* [ABOUT THIS EXERCISE] Beginning at the line that contains "Colgante-Birth" and finishing at the line that contains "Mid-Century 5-Light Murano", output the data below exactly. Include both end lines and no pictures.

* [EXERCISE MATERIAL]

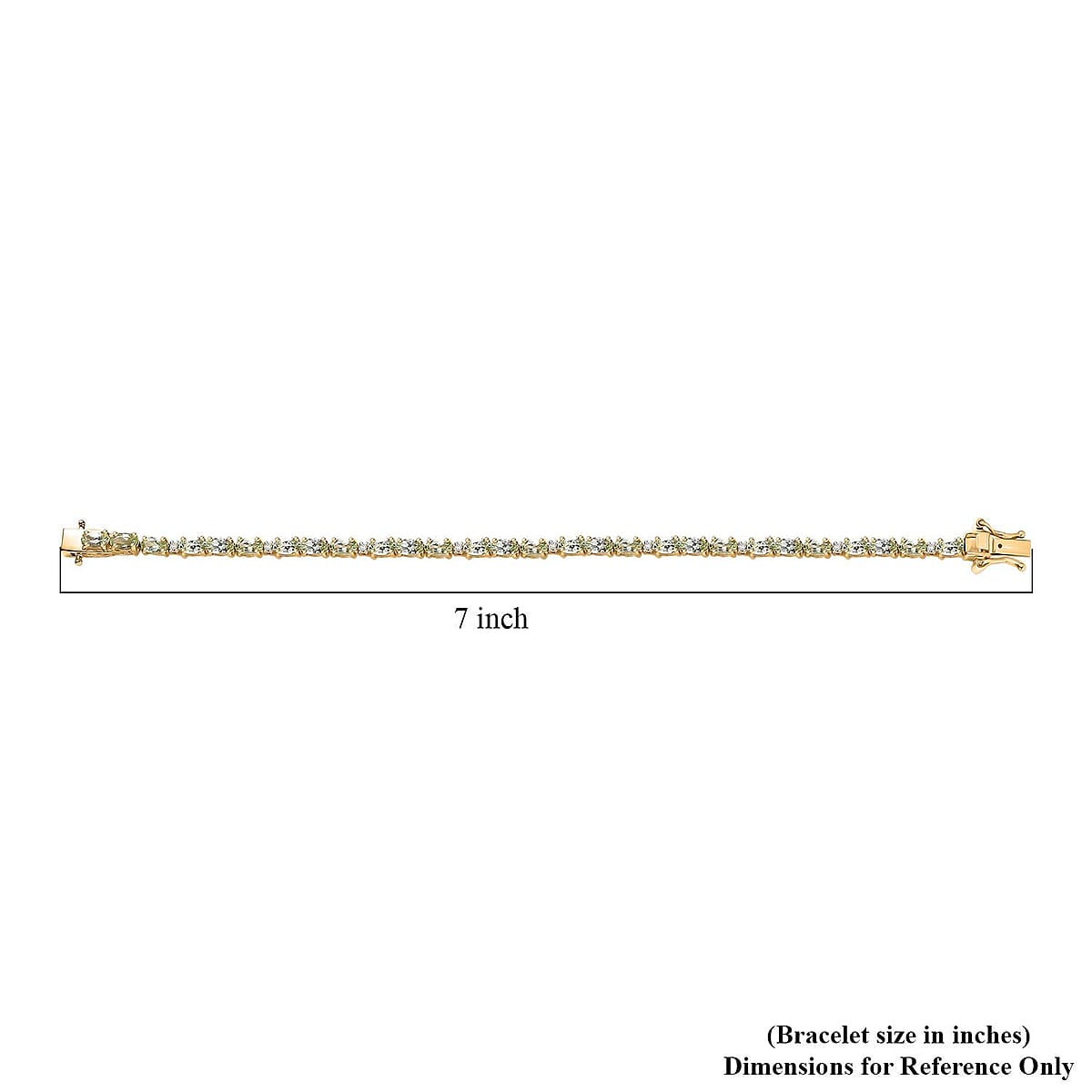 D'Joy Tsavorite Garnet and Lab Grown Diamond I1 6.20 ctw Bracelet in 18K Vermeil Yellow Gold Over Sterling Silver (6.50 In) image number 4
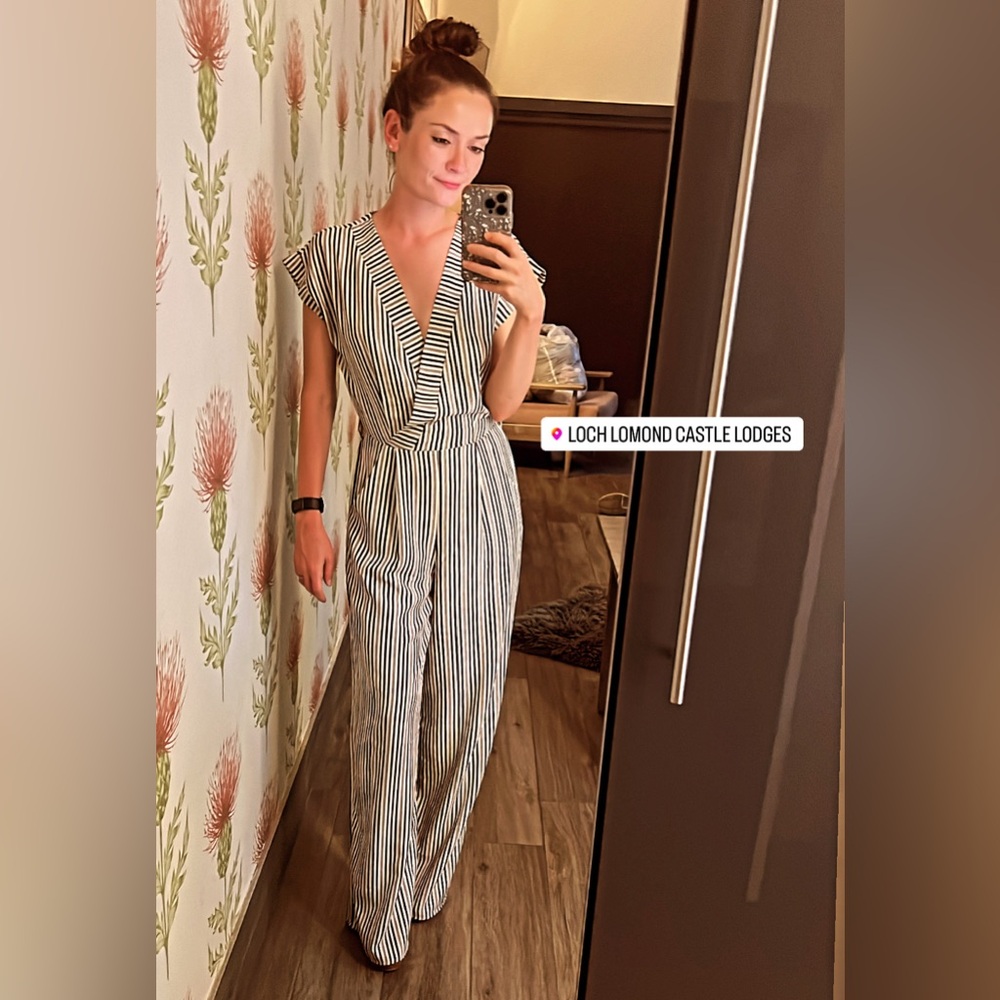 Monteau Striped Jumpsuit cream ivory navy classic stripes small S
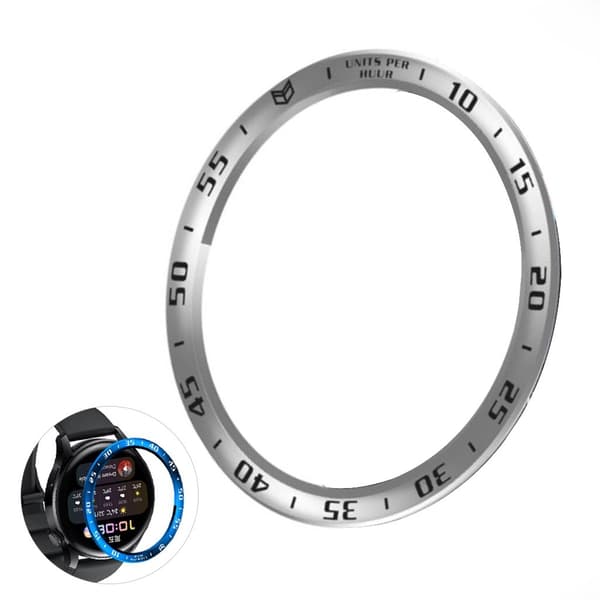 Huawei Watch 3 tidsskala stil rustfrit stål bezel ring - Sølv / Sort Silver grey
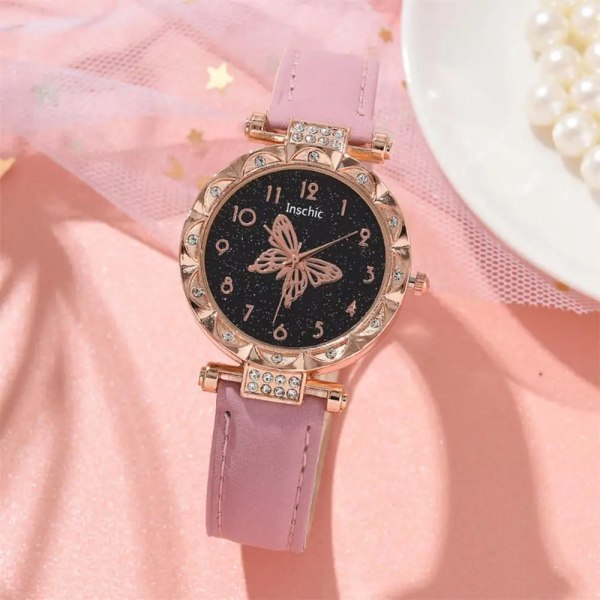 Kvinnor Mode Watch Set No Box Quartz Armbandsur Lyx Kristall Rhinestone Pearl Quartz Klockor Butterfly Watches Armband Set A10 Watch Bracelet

...

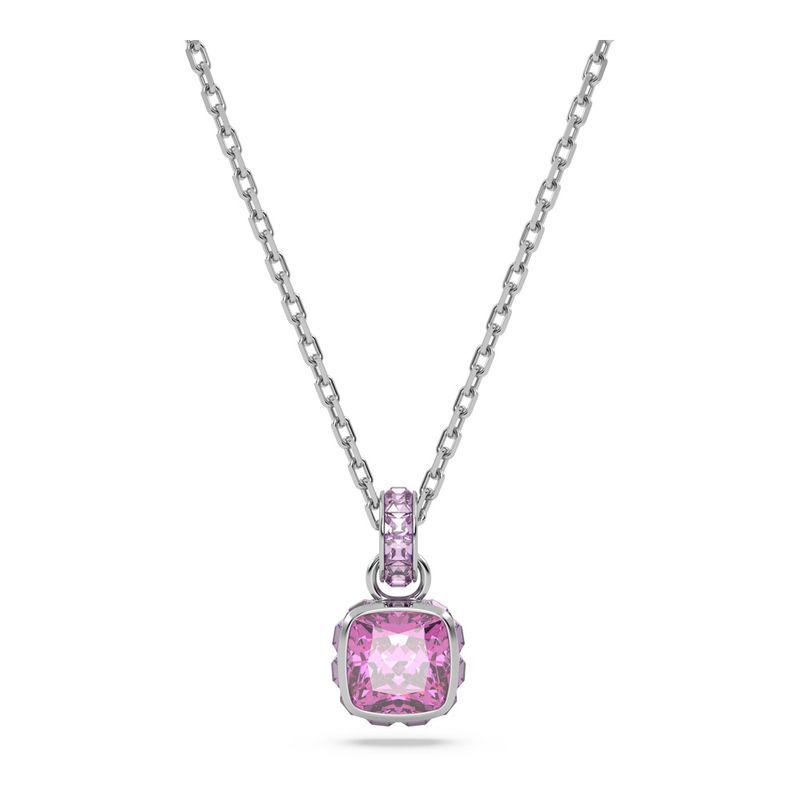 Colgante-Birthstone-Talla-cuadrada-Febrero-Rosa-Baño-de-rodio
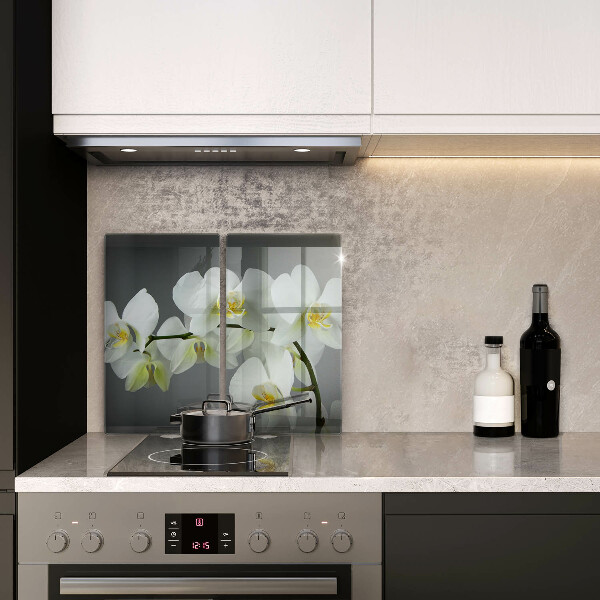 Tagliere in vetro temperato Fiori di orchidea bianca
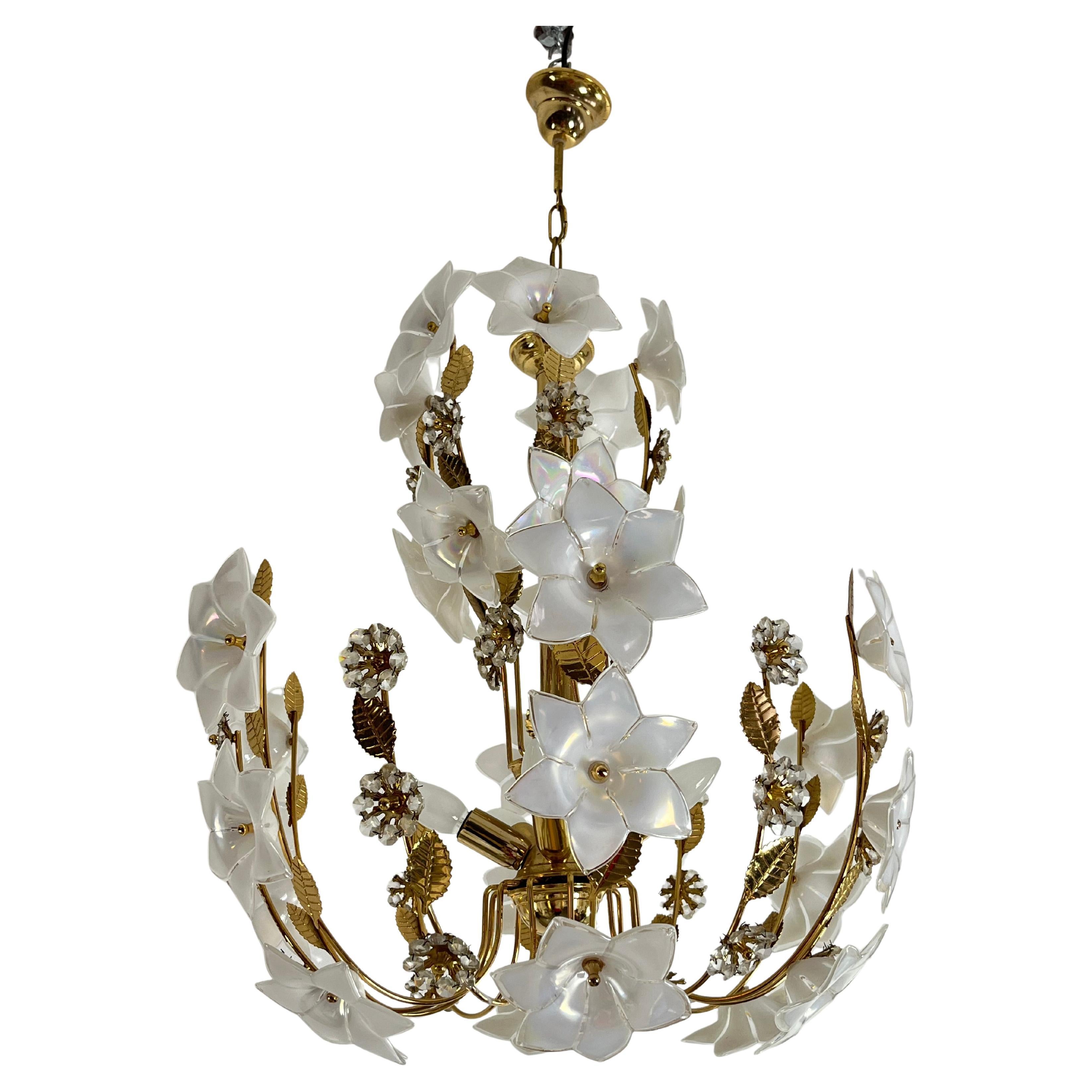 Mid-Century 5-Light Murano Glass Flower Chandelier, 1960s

* [RESULT FOR THIS EXERCISE]
 Colgante-Birthstone-Talla-cuadrada-Febrero-Rosa-Baño-de-rodio
 Tagliere in vetro temperato Fiori di orchidea bianca
 Mid-Century 5-Light Murano Glass Flower Chandelier, 1960s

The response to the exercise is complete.